Raking Up Content With Google Plus
I actually enjoy yard work. Maybe because it hearkens back to my first job mowing lawns in my hometown, or maybe I just appreciate the order on display in a finely manicured yard.
But I have to admit, I'm not always Bob Vila when it comes to this stuff. My wife once purchased a rake for me to indulge my love of lawn care. When she brought it home, I wondered why on earth she would choose one with tines that only spread approximately a foot from end to end. She calmly flipped a lever on the handle which caused the rake to expand to a full size. "Oh," I said sheepishly.
I mention that because every so often we need to be shown, "This is how you use this." And it looks like Google+ – unveiled June 28 to a breathlessly waiting audience – has a chance to show us the proper role and use of social media.
On the surface, there isn't much to Google+ that is an entirely new concept.

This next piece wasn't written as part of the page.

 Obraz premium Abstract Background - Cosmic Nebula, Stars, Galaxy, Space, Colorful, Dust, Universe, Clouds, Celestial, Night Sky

Several elements of the tool seem to have some predecessor in another social network: "Circles" resemble Twitter and Facebook "Lists," and the G+ "Stream" is little more than a better-designed Facebook "Wall." Sharing content on the site largely resembles the functionality of the Facebook "Send" button. Even the "Hangout" function – a quick way for contacts to host a video chat – isn't unique to the social network space, as news of Facebook's Skype-based video calling leaked at about the same time as the G+ launch.

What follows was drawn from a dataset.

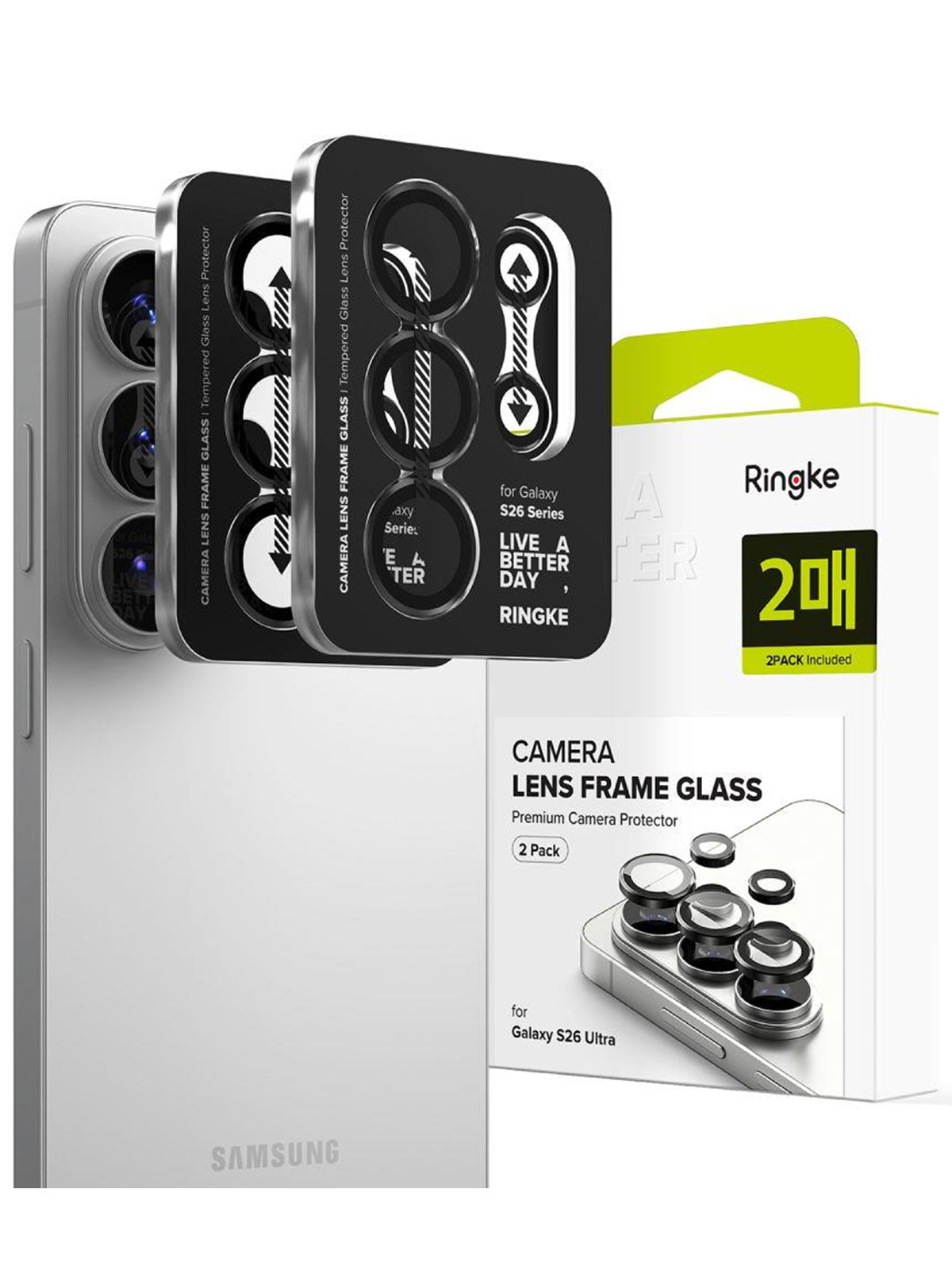 Ringke Camera Frame Protector 2-Pack Camera Protector for Samsung Galaxy S26 Ultra - Black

The "Sparks" feature, however, is something that isn't found in its form in other social networks. It relies on Google's most famous product – its search engine – to help users find content relevant to their interests, and ideally, relevant to the interests of their Circles. The activity of sharing this content is the linchpin of the entire G+ experience.

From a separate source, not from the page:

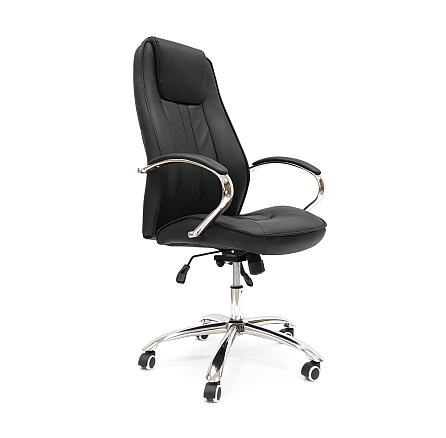 RT-369 Кресло экокожа, крестовина хром Топ Ган Люкс обивка черный 40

Not that Sparks alone makes or breaks Google+. But it does show the developers' intention to center the experience around content and the people who create and share it. This philosophy allows it to provide more depth than Twitter and excludes all of the extraneous games and clutter of Facebook. When forming relationships on the network (Circles), users must categorize their contacts by asking, "In what topic of conversation am I most likely to engage this person?" The result should be a more relevant experience for all involved, which is why I find it a refreshing change from Facebook and Twitter.
The question is, will enough people feel the same way? Again, what's new here is mostly the way the features of the network are packaged and presented – not always the features themselves. Despite impressive early adoption numbers, I wonder how many social media users will find enough of a differentiation between G+ and other networks to keep them interested beyond a trial period. That will be of major interest to brands, which have so far been given a stiff arm from Google on creating their own Google+ pages.
If Google can maintain interest and create brand pages using the same model – that is, user- and value-centered – then it's clear they will not only finally have a social media network winner, but they'll be contributing to the better use of social media on the whole. They'll be reminding all social media users, "This is how you use this."